#### [Work instructions]
Write out the data that follows exactly, keeping every picture out.

───── Data extract ─────

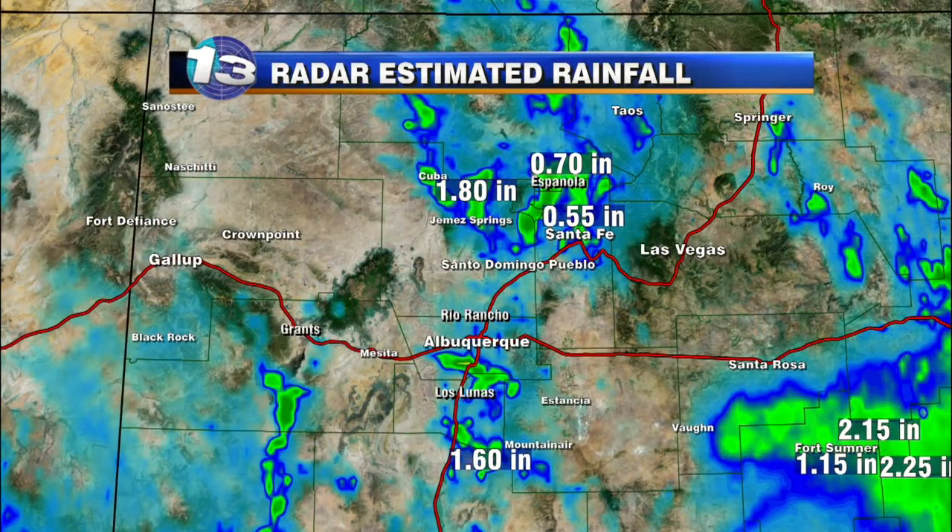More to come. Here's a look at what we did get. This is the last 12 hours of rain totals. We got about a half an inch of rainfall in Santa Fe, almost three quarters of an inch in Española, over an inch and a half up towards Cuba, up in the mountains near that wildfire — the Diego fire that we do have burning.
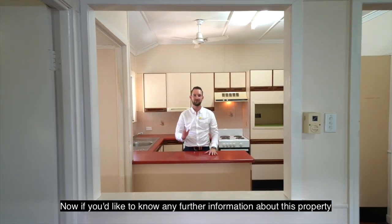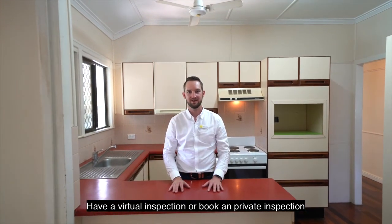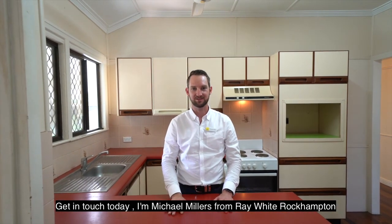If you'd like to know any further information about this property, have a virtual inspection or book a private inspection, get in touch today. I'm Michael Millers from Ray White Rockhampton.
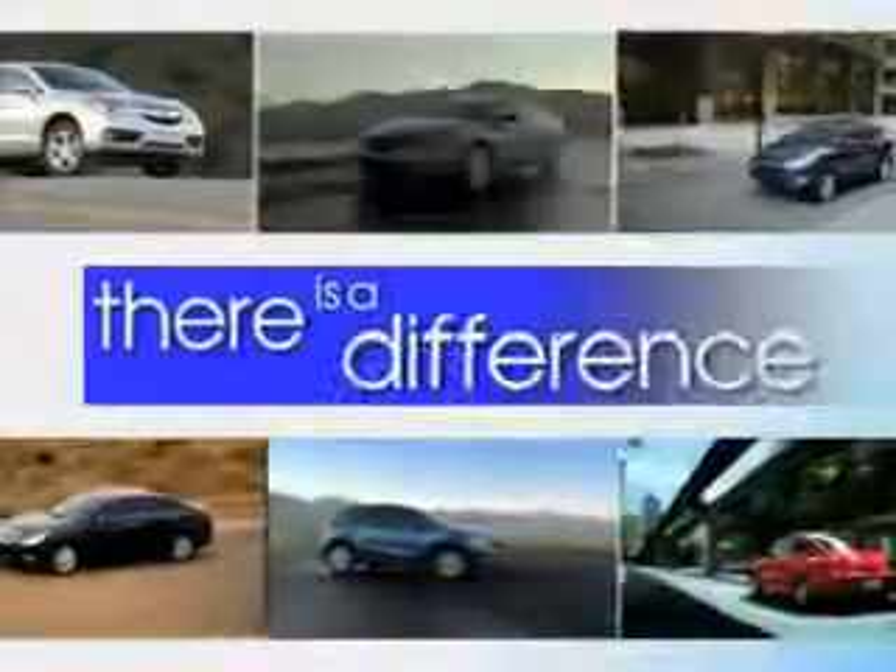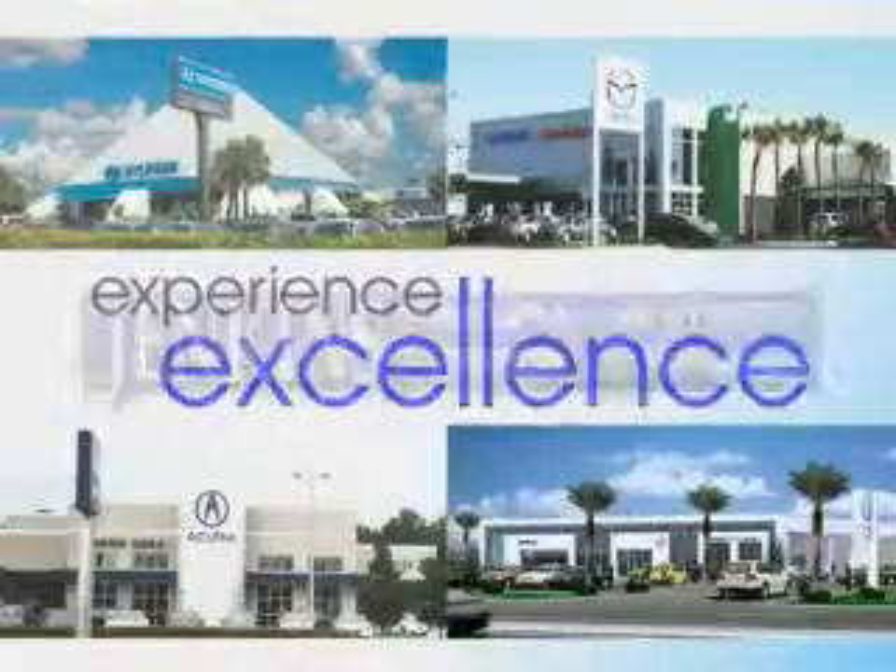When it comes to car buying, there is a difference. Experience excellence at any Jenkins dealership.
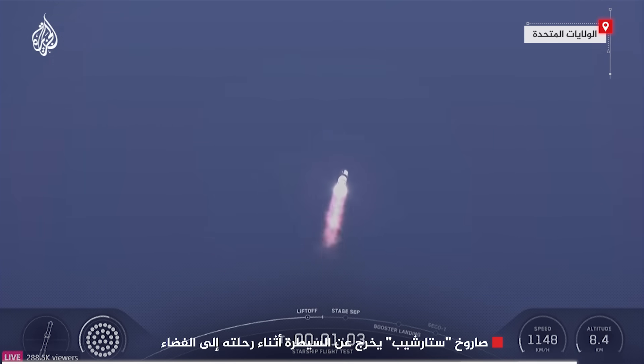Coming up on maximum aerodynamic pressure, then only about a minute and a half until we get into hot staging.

─────

#### [Solution for this exercise]
More to come. Here's a look at what we did get. This is the last 12 hours of rain totals. We got about a half an inch of rainfall in Santa Fe, almost three quarters of an inch in Española, over an inch and a half up towards Cuba, up in the mountains near that wildfire — the Diego fire that we do have burning.
If you'd like to know any further information about this property, have a virtual inspection or book a private inspection, get in touch today. I'm Michael Millers from Ray White Rockhampton.
When it comes to car buying, there is a difference. Experience excellence at any Jenkins dealership.
Coming up on maximum aerodynamic pressure, then only about a minute and a half until we get into hot staging.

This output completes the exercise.